I got an invite to a local writer’s group a few weeks back and, since it was local, in fact in a pub I used to frequent over many years, I thought, ‘why not?’ though I added the proviso that I’d just go along for a chat and wouldn’t be giving a talk or reading. It all seemed to go pretty well and hopefully I said some stuff they found interesting. I also took along some professionally edited sheets from Zero Point for them to have a look at – the kind of stuff I would have killed for many years ago. Interestingly, they had a session of writing, whereby someone provided a sentence or line and everyone keyed off that for ten minutes. A sheet of paper was pushed my way and I considered running at that point, but then I told myself not to be such a wimp.
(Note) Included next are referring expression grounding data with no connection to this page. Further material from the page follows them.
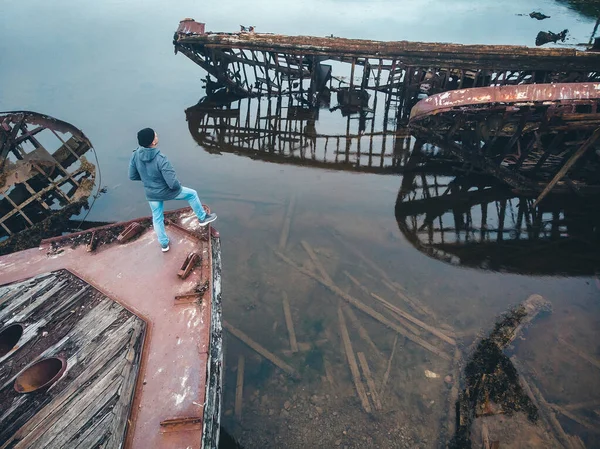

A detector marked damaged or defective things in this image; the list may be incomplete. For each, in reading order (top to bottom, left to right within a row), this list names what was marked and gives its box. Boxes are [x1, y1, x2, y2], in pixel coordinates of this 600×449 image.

rusted metal hull [173, 19, 600, 117]
rusty metal frame [0, 110, 96, 236]
rusted metal hull [0, 109, 96, 238]
rusted metal hull [408, 83, 600, 195]
rusted metal hull [0, 208, 223, 446] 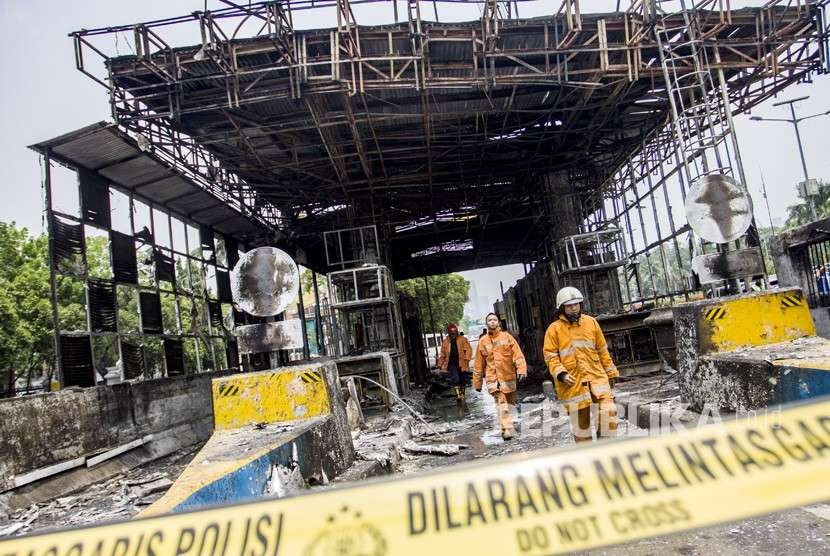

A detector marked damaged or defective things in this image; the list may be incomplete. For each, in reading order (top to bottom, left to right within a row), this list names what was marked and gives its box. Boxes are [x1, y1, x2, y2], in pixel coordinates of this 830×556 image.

burned toll gate structure [30, 0, 824, 382]
burnt toll booth [32, 2, 830, 386]
charred metal canopy [75, 0, 828, 278] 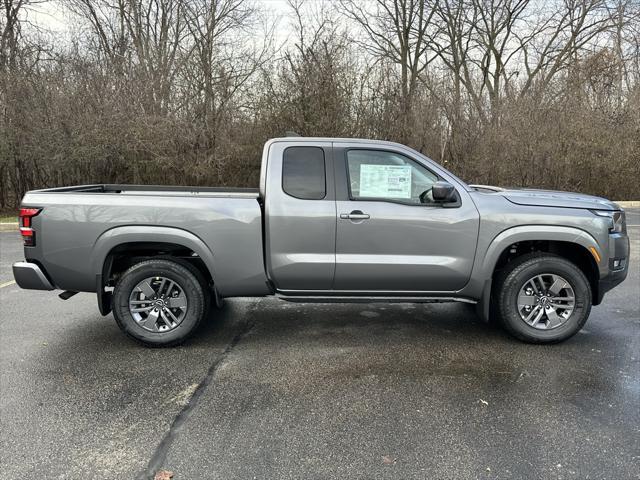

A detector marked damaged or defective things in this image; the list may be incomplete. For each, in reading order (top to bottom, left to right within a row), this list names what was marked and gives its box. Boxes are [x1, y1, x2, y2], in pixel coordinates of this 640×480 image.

pavement crack [138, 318, 255, 480] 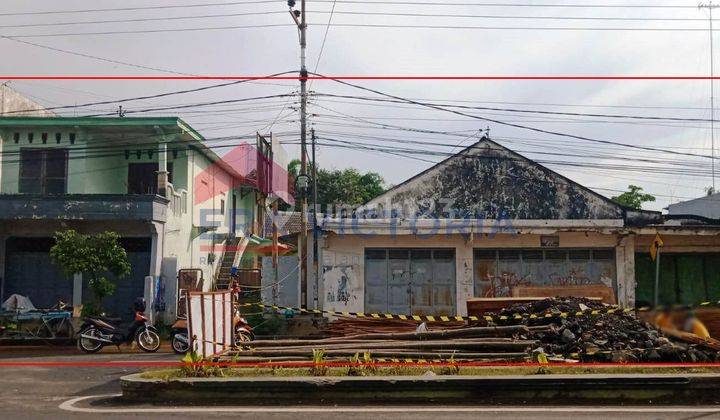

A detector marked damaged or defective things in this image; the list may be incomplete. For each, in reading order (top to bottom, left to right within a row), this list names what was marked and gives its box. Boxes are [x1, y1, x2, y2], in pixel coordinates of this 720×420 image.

peeling paint wall [366, 140, 624, 220] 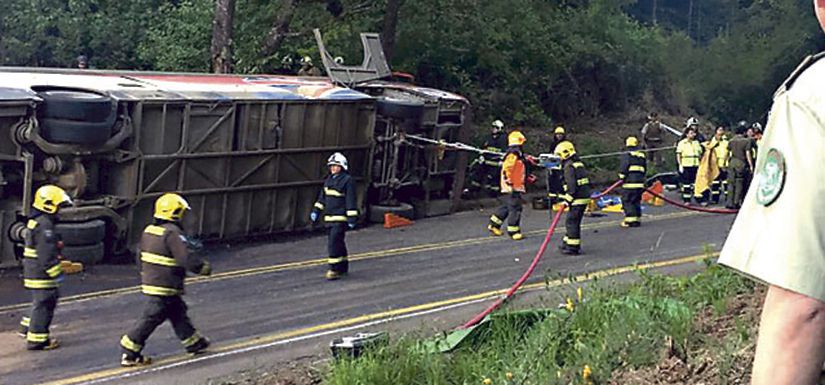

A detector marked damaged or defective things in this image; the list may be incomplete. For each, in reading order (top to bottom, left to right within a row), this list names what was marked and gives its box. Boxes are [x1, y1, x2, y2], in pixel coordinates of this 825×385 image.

overturned bus [1, 33, 470, 266] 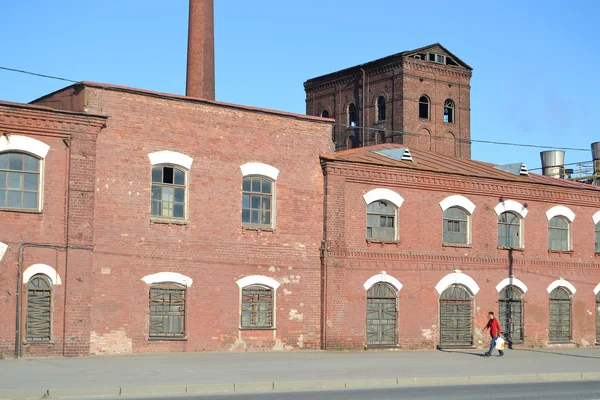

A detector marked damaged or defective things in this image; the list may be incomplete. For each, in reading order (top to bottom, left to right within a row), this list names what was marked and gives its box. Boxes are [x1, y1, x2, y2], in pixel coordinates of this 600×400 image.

rusty metal door [366, 282, 398, 346]
rusty metal door [440, 284, 474, 346]
rusty metal door [500, 284, 524, 344] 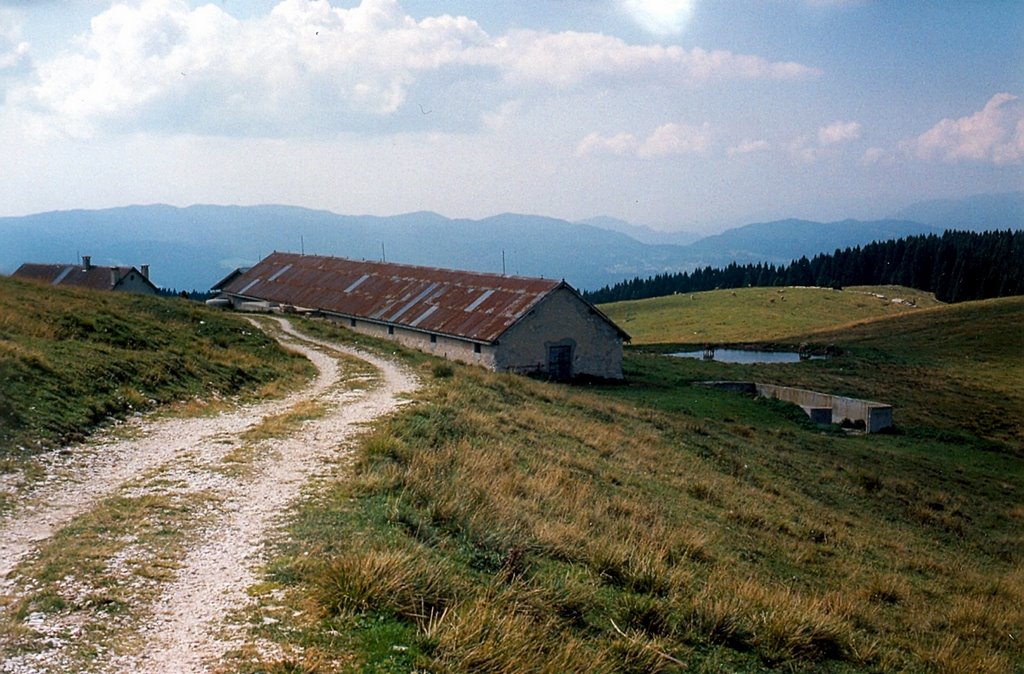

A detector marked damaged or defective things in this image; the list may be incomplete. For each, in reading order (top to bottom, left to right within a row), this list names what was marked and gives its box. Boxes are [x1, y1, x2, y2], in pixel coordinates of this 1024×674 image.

rusty metal roof [12, 261, 152, 290]
rusty metal roof [221, 250, 626, 342] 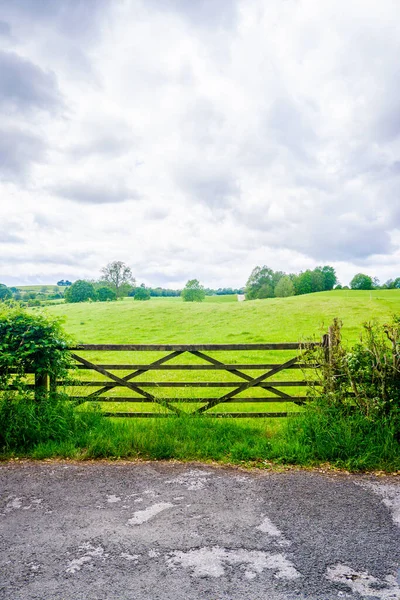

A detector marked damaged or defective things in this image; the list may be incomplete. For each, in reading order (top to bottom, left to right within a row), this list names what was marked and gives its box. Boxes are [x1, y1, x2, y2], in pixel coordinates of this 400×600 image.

The line was, ‘I never suffer from writer’s block, but…’ and here’s my contribution:
I never suffer from writer’s block but, when asked by this writer’s group to produce, on the spot, I felt my sphincter tightening to the diameter of a needle’s eye. However, not to be beaten, I’ll waffle on about anything relevant. Too many years ago to count I wrote an article called ‘Beating the Block’. This concerned stream-of-consciousness writing, whereby you write just anything as it comes into your head. You don’t agonize over how much sense it makes or how correct is your English. You just write. The tangled bats were falling from the sky and forming drifts beside the sapphire roads etc. Ad nauseum. Eventually some sort of sense might arise out of this but it doesn’t matter – you’re no longer staring at a blank page. Moving on… One of the biggest causes of writer’s block is the angst about what to write and how to write, which in a way is daft with the editing tools now available. It’s not as if we’re working straight to a typewriter. Typex is no longer required. We have find-and-replace and in the end the ‘delete’ button is always available.  
This is as it came and certainly, as I just typed it here, I had to resist the urge to edit. I’d perhaps use ‘size of a needle’s eye’, since a needle’s eye isn’t circular. I’d add more about what you ignore when doing a stream-of-consciousness piece and I would have done a longer piece. I would have added more about the fear of getting it wrong being the cause of writer’s block and more about why that’s irrelevant now and, in fact, always has been irrelevant. Editing, even before we began working on computers, included a waste paper bin.
Anyway, this seems a good exercise to try if you have your own writer’s group, and in fact it might be something worth trying by yourself. Ask someone else to provide that line, or maybe even pick it at random from a book, and just write for ten minutes. Maybe those of you over here on the forum – the writer’s workshop – could try something?